Créer une commission anti-mafia indépendante

En outre, il note qu’à « la lecture des nombreuses auditions, que nous manquons d’outils statistiques et d’analyse pour quantifier la profondeur de l’emprise mafieuse ». « Nous avons bien les terribles chiffres des assassinats et des attentes qui ont touché des élus, des responsables, des entreprises pour le contrôle du marché des déchets, des marchés publics, ou pour la mainmise sur la chambre de commerce, mais des investigations et des études plus larges sont nécessaires pour appréhender le phénomène criminel sous tous ses aspects », souligne-t-il ainsi. 
 
Aussi l’organisation indique avoir préconisé « une mesure générale qui répond à une préoccupation exprimée dans tous les ateliers » : « la création d’une commission antimafia indépendante sous le patronage et le soutien de la Collectivité de Corse, mais pas sous son contrôle ». Cette commission qui serait composée « d’élus motivés, des collectifs et d’associations actifs dans la lutte antimafia, de personnalités et de chercheurs intéressés par ce champ de recherche » aurait pour objectifs d’évaluer l’importance de l’emprise mafieuse en Corse ainsi que ses champs de prédation, les outils que se donne la CdC pour lutter contre la mafia mais également leur efficacité mais aussi l’action de l’État et son efficacité, et devrait également rendre régulièrement publiques ses observations « afin que les Corses soient parfaitement informés de la situation ». Une préconisation qui « a reçu un très large écho favorable », selon le collectif Massimu Susini qui, par la voix de Manette Battistelli, a également « rappelé qu’un projet d’autonomie sous la menace mafieuse ne serait pas viable et ne serait certainement pas accepté par les Corses ». 

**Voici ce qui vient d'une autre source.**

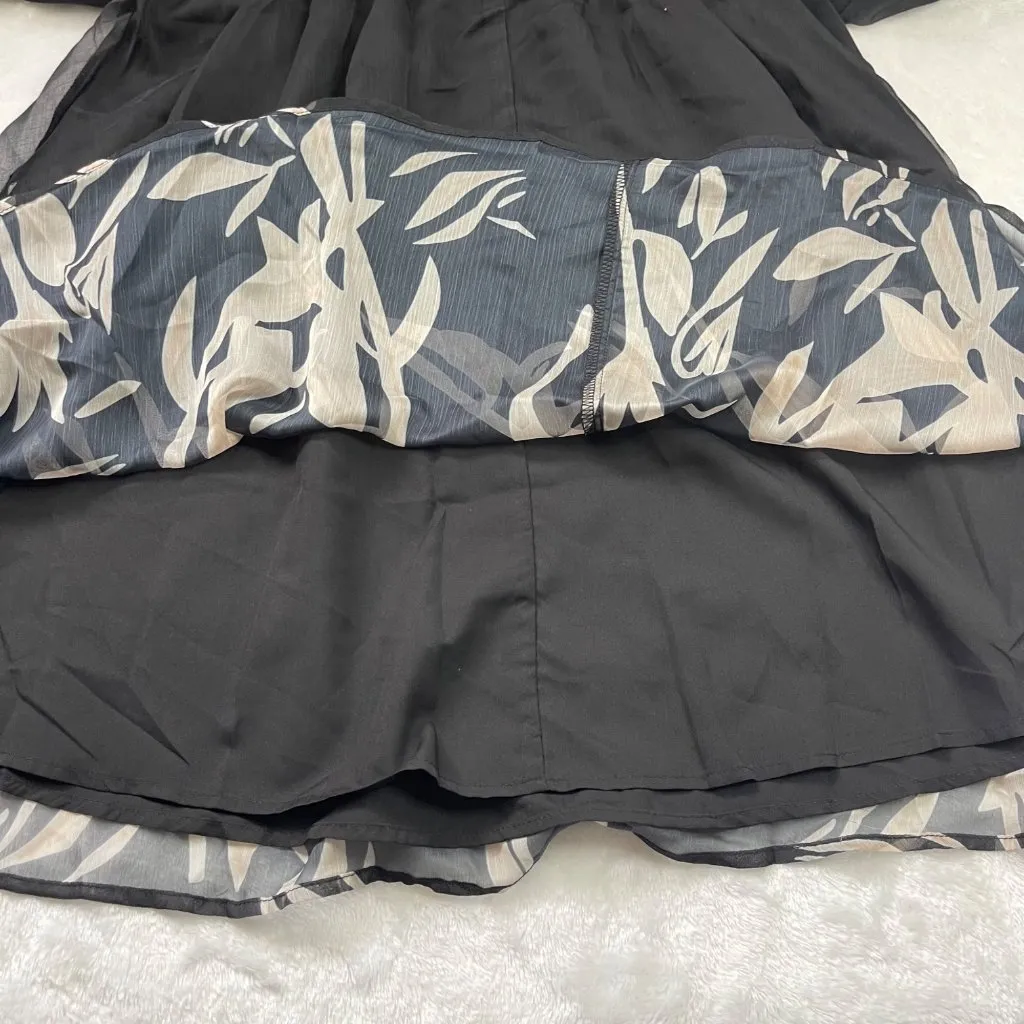 CUPSHE Floral Print Chiffon Mini Dress Women's Medium Long Sleeves Black‎ NEW - Image 7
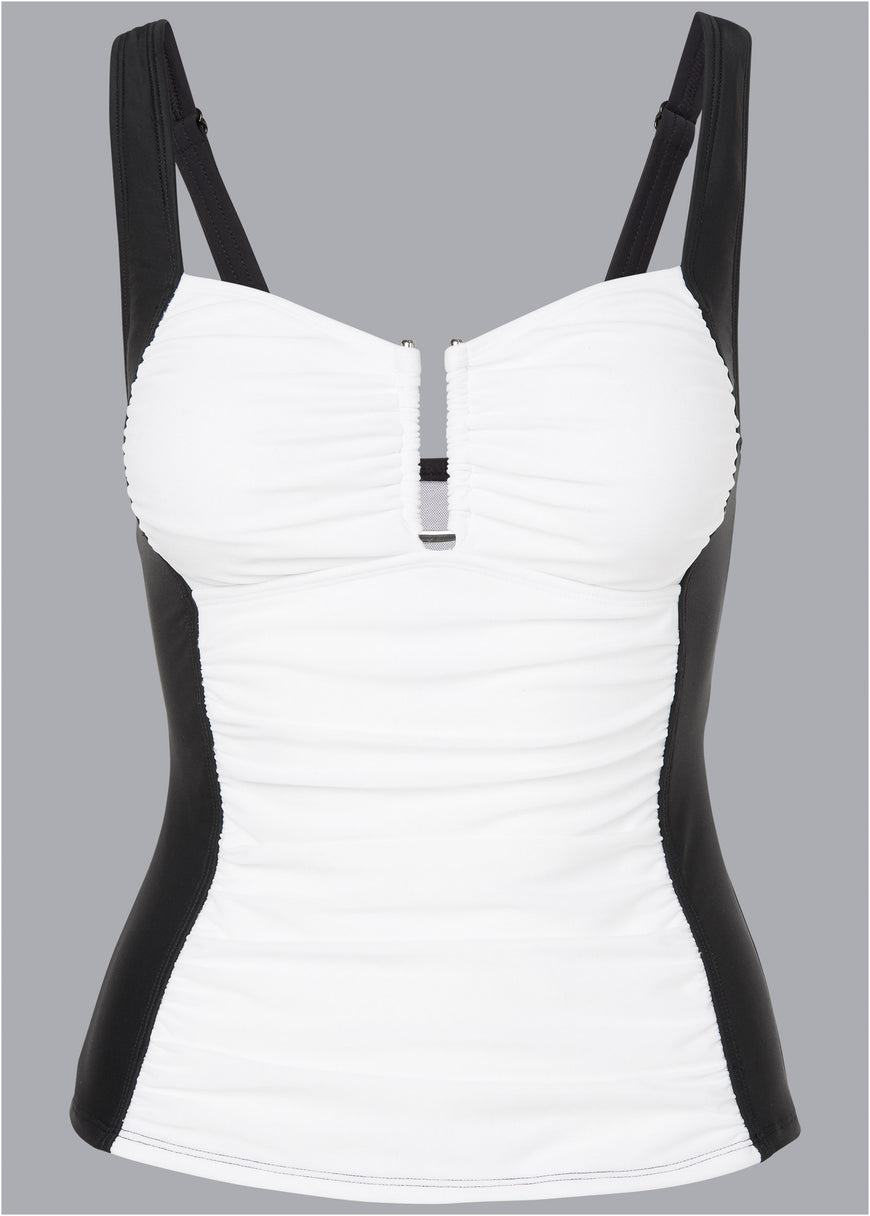 Slenderizing Tankini Top - Black & White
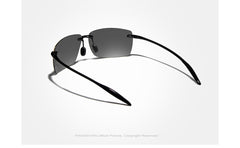 Men's Rimless Rectangular 'Battleship' Plastic Sunglasses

" Les lignes sont en train de bouger "

De son côté, Léo Battesti du collectif A Maffia no, a Vita ie tire « un bilan globalement positif » du travail de ces ateliers. « Depuis la création des collectifs le paysage politique a évolué, tout comme les approches. Il n’y a plus de débat sémantique, de réticence à dire qu’il faut aborder ce problème de la mafia », explique-t-il en reprenant : « Le fait marquant c’est que le président de l’Exécutif, Gilles Simeoni, et la présidente de l’Assemblée de Corse, Nanette Maupertuis, ont tous deux affirmé à plusieurs reprises que le combat contre le système mafieux était une priorité pour la Collectivité et pour la Corse. C’est déjà un grand pas et cela rejoint notre préoccupation qui est de dire que l’on ne peut pas envisager une véritable autonomie vertueuse dans les conditions actuelles s’il n’y a pas de mesures qui sont mises en place pour empêcher toute cette porosité politique et pour empêcher ces bandes de voyous d’avoir une puissance et un lobbying dans la sphère économique et politique de l’île ».
 
Autre point positif pour l’association, le gros travail réalisé « principalement par les associations citoyennes, mais également certains élus pour trouver des propositions concrètes ». « Dans le domaine de compétences territoriales il y a des propositions importantes qui vont bénéficier d’un large consensus si ce n’est d’une unanimité en matière de contrôle, de nouvelles façons de concevoir certaines gestions ou bien dans des domaines sensibles de la compétence de l’Assemblée », dévoile-t-il en ajoutant : « Et puis les lignes sont aussi en train de bouger au niveau du pouvoir régalien puisqu’il y a de plus en plus de personnes qui considèrent que les lois pénales doivent s’adapter d’autant qu’en France le système mafieux existe également. On a même entendu le Garde des Sceaux actuel qui a dit qu’il fallait s’inspirer de l’Italie ». 
 
Après la restitution du travail des ateliers, une synthèse doit prochainement être réalisée afin d’être soumise à l’Assemblée de Corse au cours d’une nouvelle session extraordinaire qui aura lieu à la rentrée.